Corey A. Askew v. Paul Bailey, Sheriff, Berrien County, Michigan
1. Are the Self-determination Clauses of the United Nations treaties and customary rules of international law to which the United States is a party up on the Courts to enforce as the supreme Law of the Land?
2. Are petitioner's acts of self-determination and expatriation exercises of a legitimate natural and inherent right under the law of Nations?
3. Are the Supremacy Clause and Loyalty Clause of the Constitution of the United States being obstructed in violation of the law of Nations by infringing upon petitioner's human right of exercising Self-determination, expatriation, as an indigenous individual nation duty in an indigenous jurisprudence, and directly participating in the self-government of an indigenous Nation?

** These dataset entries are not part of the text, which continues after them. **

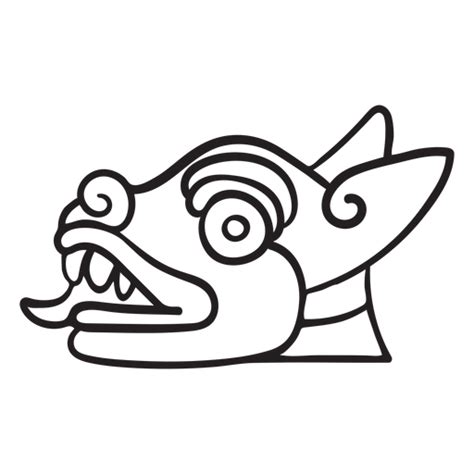 Dise O Png Y Svg De Perro S Mbolo De Trazo Azteca Para Camisetas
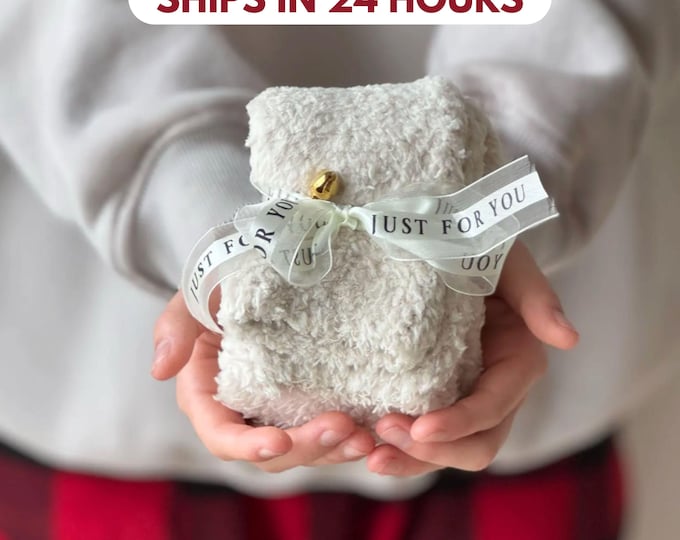 Cozy Socks Holiday Cozy Socks Fluffy Cozy Socks for Her Stocking Stuffer Cream Fluffy Socks Small Holiday Gift for all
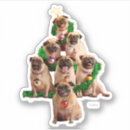 Pesquisar por natal pug adesivos Feriado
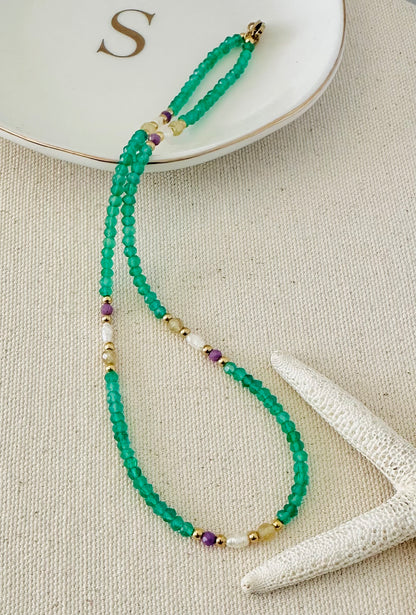 Green Onyx necklace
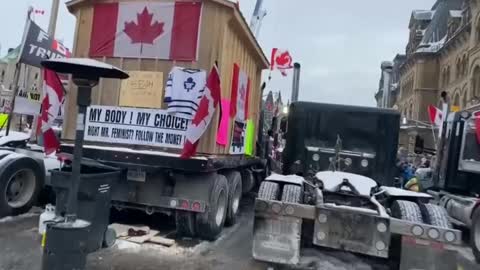 Freedom Convoy - Protesters against medical dictatorship continue to hold rallies in Canada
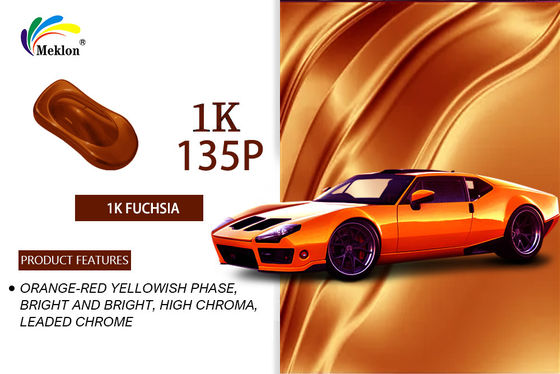 Color naranja rojo acrílico con pelaje transparente pintura de automóviles impermeable no tóxico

4. Does the United States provide de facto recognition of the political existence of indigenous Nation-states established under international law by ratifying and/or accession to treaties or customary rules of international law which provide for Self-determination?
5. Does the United States have an international obligation and responsibility to promote and respect the express acts of the inhabitants who are seeking to attain a full measure of Self-determination in non-self-governing territories under the International Trusteeship System or self-determination to exercise self as the trust administrators of the Trusteeship System of the United Nations Charter?
Are the self-determination clauses in the United Nations treaties and customary rules of international law to which the United States are a party binding upon the United States to enforce as the supreme law of the land?